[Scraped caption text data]
^^^^^^^^^^^^^^^^

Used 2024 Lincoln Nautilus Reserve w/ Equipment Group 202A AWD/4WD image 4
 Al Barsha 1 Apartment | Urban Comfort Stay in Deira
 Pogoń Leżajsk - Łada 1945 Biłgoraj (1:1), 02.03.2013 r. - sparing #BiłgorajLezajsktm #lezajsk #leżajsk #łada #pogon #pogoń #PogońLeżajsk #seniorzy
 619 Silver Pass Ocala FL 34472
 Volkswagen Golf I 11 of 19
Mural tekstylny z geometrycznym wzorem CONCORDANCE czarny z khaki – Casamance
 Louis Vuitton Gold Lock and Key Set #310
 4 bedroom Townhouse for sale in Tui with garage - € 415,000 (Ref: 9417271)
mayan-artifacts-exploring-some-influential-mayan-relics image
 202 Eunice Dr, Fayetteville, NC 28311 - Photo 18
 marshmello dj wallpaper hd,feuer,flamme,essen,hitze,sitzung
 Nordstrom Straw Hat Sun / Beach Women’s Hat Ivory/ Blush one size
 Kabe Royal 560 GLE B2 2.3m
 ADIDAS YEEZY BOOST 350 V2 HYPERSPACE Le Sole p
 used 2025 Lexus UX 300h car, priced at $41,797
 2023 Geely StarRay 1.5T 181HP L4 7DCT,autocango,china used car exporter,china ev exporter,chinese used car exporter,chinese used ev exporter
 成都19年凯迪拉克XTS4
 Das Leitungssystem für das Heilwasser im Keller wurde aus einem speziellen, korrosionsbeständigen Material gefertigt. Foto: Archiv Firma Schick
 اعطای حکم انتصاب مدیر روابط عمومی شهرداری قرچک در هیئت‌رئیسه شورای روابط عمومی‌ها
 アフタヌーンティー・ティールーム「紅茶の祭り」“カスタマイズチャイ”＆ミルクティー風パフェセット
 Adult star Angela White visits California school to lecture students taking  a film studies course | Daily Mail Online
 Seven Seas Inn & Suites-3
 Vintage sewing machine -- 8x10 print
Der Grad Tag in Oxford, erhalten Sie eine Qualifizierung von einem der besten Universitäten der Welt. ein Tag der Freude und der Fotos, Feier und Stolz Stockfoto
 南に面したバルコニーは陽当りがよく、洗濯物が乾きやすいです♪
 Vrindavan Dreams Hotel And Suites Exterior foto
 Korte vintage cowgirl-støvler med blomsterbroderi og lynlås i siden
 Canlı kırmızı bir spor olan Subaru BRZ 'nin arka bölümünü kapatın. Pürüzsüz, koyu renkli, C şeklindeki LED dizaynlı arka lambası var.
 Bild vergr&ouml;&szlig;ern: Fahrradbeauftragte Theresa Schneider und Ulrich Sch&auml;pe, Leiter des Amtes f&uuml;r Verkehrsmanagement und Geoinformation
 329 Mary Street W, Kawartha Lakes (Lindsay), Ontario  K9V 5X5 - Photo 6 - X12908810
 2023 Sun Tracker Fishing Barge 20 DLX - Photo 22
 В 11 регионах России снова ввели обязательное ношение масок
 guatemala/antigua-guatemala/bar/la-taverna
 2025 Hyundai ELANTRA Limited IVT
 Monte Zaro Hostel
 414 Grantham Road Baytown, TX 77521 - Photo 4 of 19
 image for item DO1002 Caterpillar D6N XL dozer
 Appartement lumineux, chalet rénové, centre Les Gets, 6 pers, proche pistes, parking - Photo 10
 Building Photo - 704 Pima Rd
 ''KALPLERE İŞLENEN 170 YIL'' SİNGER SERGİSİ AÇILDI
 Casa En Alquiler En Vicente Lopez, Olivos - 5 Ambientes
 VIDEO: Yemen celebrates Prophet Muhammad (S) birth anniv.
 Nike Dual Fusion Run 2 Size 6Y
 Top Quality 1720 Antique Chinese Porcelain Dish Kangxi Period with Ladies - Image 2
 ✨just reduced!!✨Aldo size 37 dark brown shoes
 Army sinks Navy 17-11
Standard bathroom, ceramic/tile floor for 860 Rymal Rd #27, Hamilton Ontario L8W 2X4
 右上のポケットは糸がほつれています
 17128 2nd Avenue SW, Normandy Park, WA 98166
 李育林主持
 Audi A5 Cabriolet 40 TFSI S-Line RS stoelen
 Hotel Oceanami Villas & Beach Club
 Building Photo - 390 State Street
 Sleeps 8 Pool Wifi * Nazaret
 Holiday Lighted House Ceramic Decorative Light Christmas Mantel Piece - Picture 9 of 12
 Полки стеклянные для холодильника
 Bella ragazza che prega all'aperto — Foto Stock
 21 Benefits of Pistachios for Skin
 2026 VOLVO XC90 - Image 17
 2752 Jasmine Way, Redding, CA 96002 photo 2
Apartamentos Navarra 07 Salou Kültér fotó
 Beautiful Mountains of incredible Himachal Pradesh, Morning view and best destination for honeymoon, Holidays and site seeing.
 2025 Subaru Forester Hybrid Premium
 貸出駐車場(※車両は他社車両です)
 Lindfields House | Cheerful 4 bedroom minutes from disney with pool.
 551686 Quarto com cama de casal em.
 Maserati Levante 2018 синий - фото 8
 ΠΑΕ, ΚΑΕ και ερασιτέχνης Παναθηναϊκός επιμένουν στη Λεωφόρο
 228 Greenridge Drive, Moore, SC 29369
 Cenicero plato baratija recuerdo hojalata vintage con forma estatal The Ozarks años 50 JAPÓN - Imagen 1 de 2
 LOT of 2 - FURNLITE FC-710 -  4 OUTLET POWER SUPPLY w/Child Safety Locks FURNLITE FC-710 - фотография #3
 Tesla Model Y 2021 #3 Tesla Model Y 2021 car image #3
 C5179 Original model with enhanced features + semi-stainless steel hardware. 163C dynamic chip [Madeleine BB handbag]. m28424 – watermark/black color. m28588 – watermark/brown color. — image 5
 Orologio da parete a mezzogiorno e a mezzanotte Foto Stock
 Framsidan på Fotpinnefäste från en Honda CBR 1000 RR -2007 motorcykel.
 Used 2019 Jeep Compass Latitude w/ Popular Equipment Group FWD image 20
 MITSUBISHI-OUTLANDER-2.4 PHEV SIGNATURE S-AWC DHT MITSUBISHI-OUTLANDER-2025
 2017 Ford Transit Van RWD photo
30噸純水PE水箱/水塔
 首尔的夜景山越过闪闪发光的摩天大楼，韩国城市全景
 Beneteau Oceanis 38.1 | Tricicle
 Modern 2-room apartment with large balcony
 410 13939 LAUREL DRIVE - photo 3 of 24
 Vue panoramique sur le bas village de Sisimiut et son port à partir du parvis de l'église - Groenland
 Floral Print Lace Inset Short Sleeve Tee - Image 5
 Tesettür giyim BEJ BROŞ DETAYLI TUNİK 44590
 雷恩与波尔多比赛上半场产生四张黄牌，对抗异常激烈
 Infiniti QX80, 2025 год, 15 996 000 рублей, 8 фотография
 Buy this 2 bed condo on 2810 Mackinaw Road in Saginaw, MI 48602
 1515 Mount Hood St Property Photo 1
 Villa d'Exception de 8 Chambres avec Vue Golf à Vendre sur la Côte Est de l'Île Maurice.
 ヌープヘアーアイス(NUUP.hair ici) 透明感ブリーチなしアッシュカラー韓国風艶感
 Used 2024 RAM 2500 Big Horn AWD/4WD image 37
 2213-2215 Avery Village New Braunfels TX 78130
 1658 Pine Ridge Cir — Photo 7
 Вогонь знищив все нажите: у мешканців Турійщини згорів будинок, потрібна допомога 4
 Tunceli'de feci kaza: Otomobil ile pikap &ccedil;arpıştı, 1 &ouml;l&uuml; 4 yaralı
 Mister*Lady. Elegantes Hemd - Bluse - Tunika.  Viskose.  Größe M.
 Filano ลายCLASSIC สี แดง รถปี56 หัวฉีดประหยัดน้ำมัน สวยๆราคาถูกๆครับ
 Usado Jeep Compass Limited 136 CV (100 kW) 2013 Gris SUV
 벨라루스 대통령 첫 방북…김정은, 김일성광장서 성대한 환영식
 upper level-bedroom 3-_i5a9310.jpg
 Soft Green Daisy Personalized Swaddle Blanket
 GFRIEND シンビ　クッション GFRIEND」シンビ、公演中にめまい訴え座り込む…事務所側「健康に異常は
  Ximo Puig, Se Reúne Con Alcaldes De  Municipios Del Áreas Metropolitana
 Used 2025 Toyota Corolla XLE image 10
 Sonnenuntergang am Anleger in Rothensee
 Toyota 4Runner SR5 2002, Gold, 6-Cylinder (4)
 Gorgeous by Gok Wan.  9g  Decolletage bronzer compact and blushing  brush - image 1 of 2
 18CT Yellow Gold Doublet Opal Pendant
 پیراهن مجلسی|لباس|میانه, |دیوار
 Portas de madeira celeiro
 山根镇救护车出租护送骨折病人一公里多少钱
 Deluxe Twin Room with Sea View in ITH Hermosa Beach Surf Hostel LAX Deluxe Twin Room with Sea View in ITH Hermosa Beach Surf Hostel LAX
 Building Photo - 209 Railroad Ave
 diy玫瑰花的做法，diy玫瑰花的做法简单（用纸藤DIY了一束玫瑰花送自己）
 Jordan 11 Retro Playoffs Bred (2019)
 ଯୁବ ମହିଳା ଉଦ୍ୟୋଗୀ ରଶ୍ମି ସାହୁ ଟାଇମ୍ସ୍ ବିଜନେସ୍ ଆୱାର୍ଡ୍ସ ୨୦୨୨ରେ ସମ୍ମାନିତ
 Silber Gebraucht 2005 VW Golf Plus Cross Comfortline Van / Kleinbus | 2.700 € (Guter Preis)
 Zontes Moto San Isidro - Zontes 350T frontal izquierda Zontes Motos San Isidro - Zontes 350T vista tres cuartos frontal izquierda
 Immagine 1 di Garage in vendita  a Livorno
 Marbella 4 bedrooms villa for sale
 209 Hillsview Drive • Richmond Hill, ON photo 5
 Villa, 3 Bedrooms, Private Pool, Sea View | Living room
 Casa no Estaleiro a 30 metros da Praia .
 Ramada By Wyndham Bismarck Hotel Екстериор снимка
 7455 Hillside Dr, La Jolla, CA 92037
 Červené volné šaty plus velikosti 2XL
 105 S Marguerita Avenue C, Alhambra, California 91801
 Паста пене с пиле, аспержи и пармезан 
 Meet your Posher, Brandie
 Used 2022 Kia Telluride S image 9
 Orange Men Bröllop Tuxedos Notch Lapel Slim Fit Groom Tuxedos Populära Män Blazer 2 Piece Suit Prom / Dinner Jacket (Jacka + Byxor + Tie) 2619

^^^^^^^^^^^^^^^^

WORK REQUIRED
Please go over the data above and copy each line with "Building" in it.

RESPONSE AREA
 Building Photo - 704 Pima Rd
 Building Photo - 390 State Street
 Building Photo - 209 Railroad Ave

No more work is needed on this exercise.